• **Task prompt**
Starting at the line containing "신데렐라 게임.E56.250220.1080p-F1RST" and ending at the line containing "بازدید از طرح‌های", transcribe the listing below exactly. Keep both end lines, skip the pictures, and copy nothing else.

• **Material provided**
***

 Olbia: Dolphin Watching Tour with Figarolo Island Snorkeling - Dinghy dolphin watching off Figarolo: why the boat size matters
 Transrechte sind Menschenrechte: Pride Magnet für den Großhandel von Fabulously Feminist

***

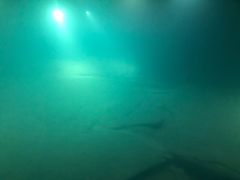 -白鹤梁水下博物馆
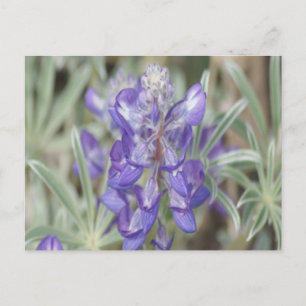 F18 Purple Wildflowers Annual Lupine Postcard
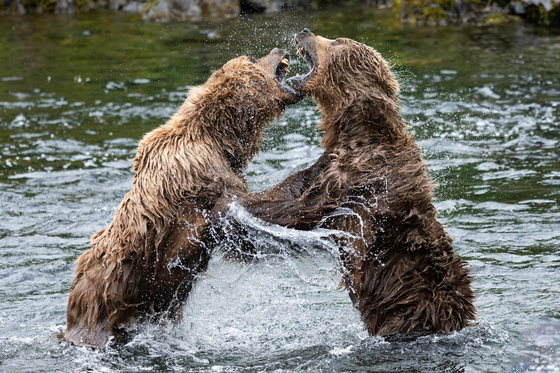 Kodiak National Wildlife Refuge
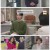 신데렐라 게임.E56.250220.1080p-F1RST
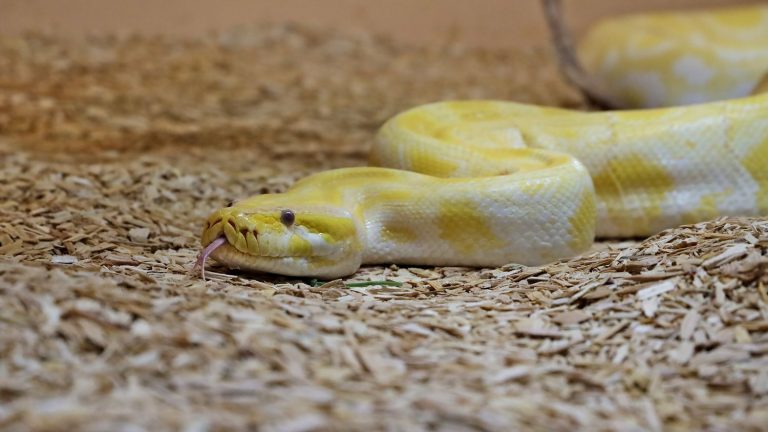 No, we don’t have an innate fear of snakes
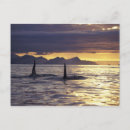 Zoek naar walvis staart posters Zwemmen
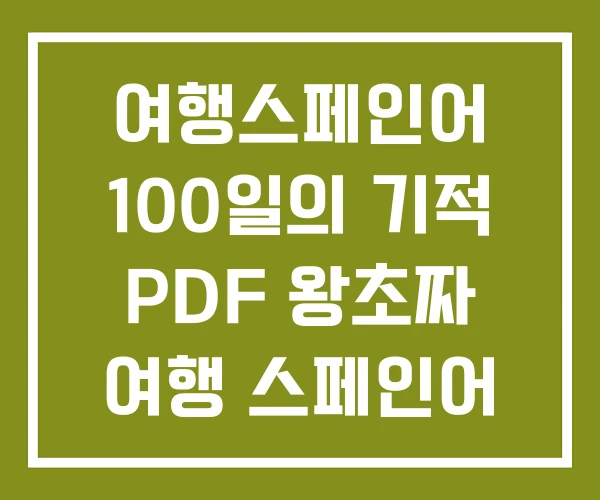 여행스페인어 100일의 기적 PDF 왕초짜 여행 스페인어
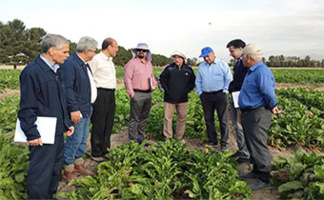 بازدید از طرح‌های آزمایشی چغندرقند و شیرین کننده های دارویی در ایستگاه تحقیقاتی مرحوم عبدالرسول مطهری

***

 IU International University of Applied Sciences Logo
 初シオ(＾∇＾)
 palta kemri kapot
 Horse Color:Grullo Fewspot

***

• **Response to this exercise**
 신데렐라 게임.E56.250220.1080p-F1RST
 No, we don’t have an innate fear of snakes
 Zoek naar walvis staart posters Zwemmen
 여행스페인어 100일의 기적 PDF 왕초짜 여행 스페인어
 بازدید از طرح‌های آزمایشی چغندرقند و شیرین کننده های دارویی در ایستگاه تحقیقاتی مرحوم عبدالرسول مطهری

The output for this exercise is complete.